* REQUIRED WORK
Please report how many lines below contain "Adjustable", writing nothing except the number.

* DATA TO USE

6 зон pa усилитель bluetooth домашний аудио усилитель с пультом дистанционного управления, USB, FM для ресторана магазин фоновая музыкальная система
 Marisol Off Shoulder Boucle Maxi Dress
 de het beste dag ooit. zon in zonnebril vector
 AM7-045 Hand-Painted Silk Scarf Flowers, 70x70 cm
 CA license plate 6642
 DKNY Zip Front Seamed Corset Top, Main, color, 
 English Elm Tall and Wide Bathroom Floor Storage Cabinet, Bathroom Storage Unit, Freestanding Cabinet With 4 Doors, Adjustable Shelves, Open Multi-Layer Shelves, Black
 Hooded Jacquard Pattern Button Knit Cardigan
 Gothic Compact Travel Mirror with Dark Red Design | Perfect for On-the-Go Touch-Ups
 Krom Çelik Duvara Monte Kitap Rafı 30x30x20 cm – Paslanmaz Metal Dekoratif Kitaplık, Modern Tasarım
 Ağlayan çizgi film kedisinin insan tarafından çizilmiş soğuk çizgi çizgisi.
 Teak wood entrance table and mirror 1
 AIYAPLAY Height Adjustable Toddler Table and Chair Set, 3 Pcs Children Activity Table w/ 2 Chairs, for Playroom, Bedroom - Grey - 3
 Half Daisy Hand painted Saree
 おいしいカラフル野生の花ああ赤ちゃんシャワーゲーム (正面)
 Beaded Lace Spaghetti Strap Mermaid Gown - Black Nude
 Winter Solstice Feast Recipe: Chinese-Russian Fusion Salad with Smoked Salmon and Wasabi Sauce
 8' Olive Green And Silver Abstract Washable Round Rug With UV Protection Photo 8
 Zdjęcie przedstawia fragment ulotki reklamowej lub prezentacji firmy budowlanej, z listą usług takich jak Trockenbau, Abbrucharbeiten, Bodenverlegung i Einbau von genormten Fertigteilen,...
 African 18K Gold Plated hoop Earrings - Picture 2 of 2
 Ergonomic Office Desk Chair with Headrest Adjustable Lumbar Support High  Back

* SOLUTION TO THE PROBLEM
3